Qu’est-ce que l’escroquerie selon le Code pénal français ?
L’escroquerie est définie comme l’acte par lequel une personne obtient frauduleusement la remise d’un bien ou d’une valeur, à travers une tromperie. Selon l’article 313-1 du Code pénal, elle est caractérisée par l’usage d’un faux nom ou d’une fausse qualité, l’abus d’une qualité vraie, et l’emploi de manœuvres frauduleuses.
Comment l’usage d’un faux nom ou d’une fausse qualité constitue-t-il une escroquerie ?
L’usage d’un faux nom ou d’une fausse qualité dans le cadre de l’escroquerie implique un mensonge sur l’identité ou les attributs personnels/professionnels de l’escroc. Que le nom soit fictif ou usurpé, ou que la qualité prétendue soit professionnelle ou statutaire, cela suffit à caractériser l’escroquerie si cela a induit la victime à remettre un bien.
Qu’est-ce que l’abus d’une qualité vraie en matière d’escroquerie ?
L’abus d’une qualité vraie se réfère à l’exploitation abusive d’une position de confiance ou d’autorité réelle par l’escroc pour induire en erreur et obtenir la remise d’un bien. Cela concerne souvent des professionnels qui détournent leur rôle légitime à des fins frauduleuses.
Quelles actions sont considérées comme des manœuvres frauduleuses dans le contexte de l’escroquerie ?

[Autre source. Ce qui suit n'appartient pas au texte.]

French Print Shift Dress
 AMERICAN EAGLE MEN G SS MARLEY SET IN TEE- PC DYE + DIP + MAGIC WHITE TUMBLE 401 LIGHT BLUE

Les manœuvres frauduleuses impliquent une action concrète et une mise en scène élaborée visant à tromper la victime pour obtenir la remise d’un bien. Cela peut inclure l’utilisation de faux documents, l’intervention de tiers pour renforcer la crédibilité de l’escroc, ou toute autre stratégie complexe destinée à légitimer le mensonge.
Un simple mensonge est-il suffisant pour caractériser une escroquerie ?
Non, un simple mensonge, qu’il soit verbal ou écrit, ne constitue pas en soi une escroquerie sans l’appui d’éléments matériels extérieurs renforçant la tromperie. L’escroquerie exige une mise en œuvre d’actes positifs de manipulation ou de mise en scène.